The Ressabiator

Ícone

Se não podes pô-los a pensar uma vez, podes pô-los a pensar duas vezes

Do Contra

Há dois anos, no Domingo em que Passos Coelho foi eleito, já não consegui aguentar os resultados que iam aparecendo por freguesia e saí à hora do jantar para tomar café. Cruzei-me com um velhote de pólo que me disse “O Passos ganhou.” Respondi: “Sim, o Passos ganhou.”  Ele: “Não, o Passos GANHOU!” Desta vez com dois polegares escanzelados no ar e um sorriso. Eu nem disse mais nada.

O entusiasmo não me surpreendeu: Sócrates era odiado e eu estava em Vila Real, a terra de Passos Coelho, que uns meses depois lhe daria uma medalha de ouro, só porque sim. No café, nos dias anteriores à eleição havia sempre alguém a declamar alto e bom som como Passos acabaria com “esta pouca-vergonha.”

Ocorreu-me que bochechas donde sai treta destetimbre estão mesmo a precisar da aplicação tópica de um par de estalos. Calculo que esse remédio esteja a ser aplicado pelo próprio dono das bochechas cada vez que lê as notícias ou antes de ir para a rua cantar o Grândola pela primeira vez. Auto-medicação.

Por azar, não cheguei a votar nas eleições presidenciais. Nunca votaria em Cavaco. Não votaria em Manuel Alegre – a quem muita gente chamava o Poeta Alegre ou simplesmente o Pateta Alegre. Já me tinha resignado a votar em branco, quando uma viagem inesperada me impediu de ir a Vila Real.

Neste momento, olho para Manuel Alegre e Cavaco e sinto aquilo que muito americano sente (respectivamente) pelo par Al Gore / George Bush. Ponho-me a fantasiar sobre o que poderia ter sido se tivéssemos mais juízo.

Tenho votado em partidos fora do eixo da governação. Estou habituado a que não ganhem. Escolho-os pelos assuntos que defendem, doutro modo ausentes da discussão pública. E por fazerem boa oposição a quem nos governa. Já me habituei a que os descrevam como partidos do contra, que nem saberiam como governar se chegassem a tal.

Mas não é isso, precisamente isso, que é este governo? Um partido que governa em nome dos poucos contra os interesses de quase todos, que liquida tudo onde toca, escolas, direitos, salários, empregos.

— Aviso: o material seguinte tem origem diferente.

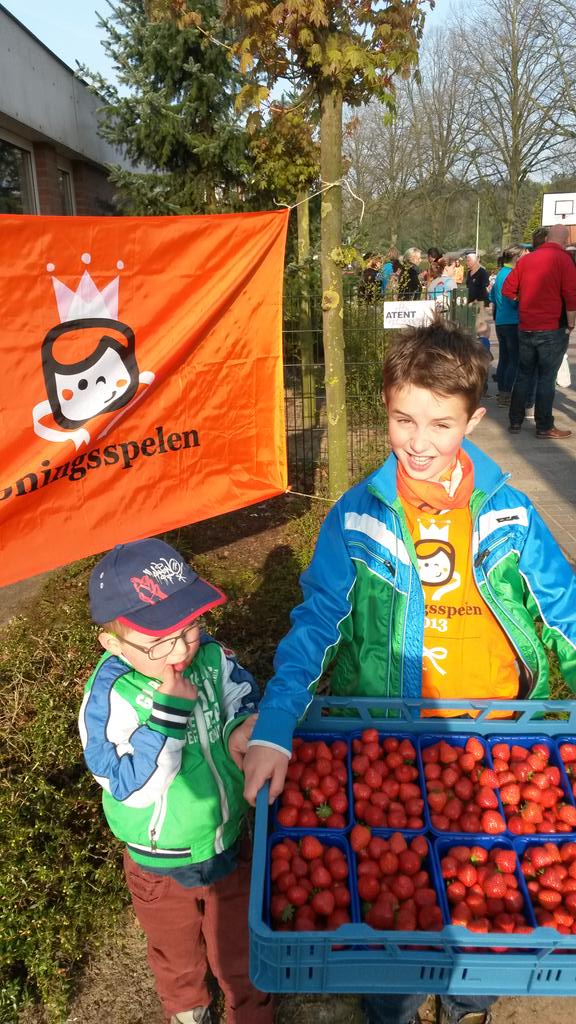 Zomerkoninkjes aanwezig #Koningsspelen. Geen koningsontbijt wel #koningslunch Basisschool De Heihorst te #Heibloem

Não há talvez um partido mais do contra. E, claro está, não faz a menor ideia do que está a fazer. E foi assim que um país com tanto desprezo pelos partidos do contra acabou por eleger o pior deles todos.

Anúncios

Filed under: Crítica

3 Responses

  1. João Urbano diz:

    Fico perplexo com uma coisa. O que vejo que uma certa esquerda relativamente moderada e mesmo menos moderada defende para Portugal é a conservação de um Estado social que em grande parte foi solidificado por Cavaco Silva. Para mais na altura ele seguiu os ditames do Kensianismo. Engordou o Estado e fez muito (mal ou bem aplicado) investimento público. Guterres seguiu-lhe a peugada até ao dia em que se pirou. Quando olho a receita Kensiana de um liberal de esquerda como Krugmann lembro-me de Sócrates. Ele também privilegiou o investimento público só que este deixou de funcionar e a economia e durante quase uma déçada mal crescemos. Em suma, quando ausculto a nossa esquerda fico siderado com a sua falta de imaginação política. Socorrem-se de slogans gastos e em particular o Bloco com o fim das causas fracturantes nada nos tem a dizer de outro senão apontar o dedo aos bancos e querer conservar nas mãos do Estado tudo que resta. Mas jamais ousou ferir todos os interesses corporativos que se banquetearam durante décadas à mesa do orçamento. Do PS nem é bom falar, que mal suba ao poder tornar-se-á novamente um cão de fila de todos os interesses capitalistas e financeiros do Burgo. Em suma, se a direita é má, o PS pouco se diferencia dela e o Bloco e o PC são um total desastre. Não existe o mínimo de rasgo nessa esquerda, apenas passado, passado.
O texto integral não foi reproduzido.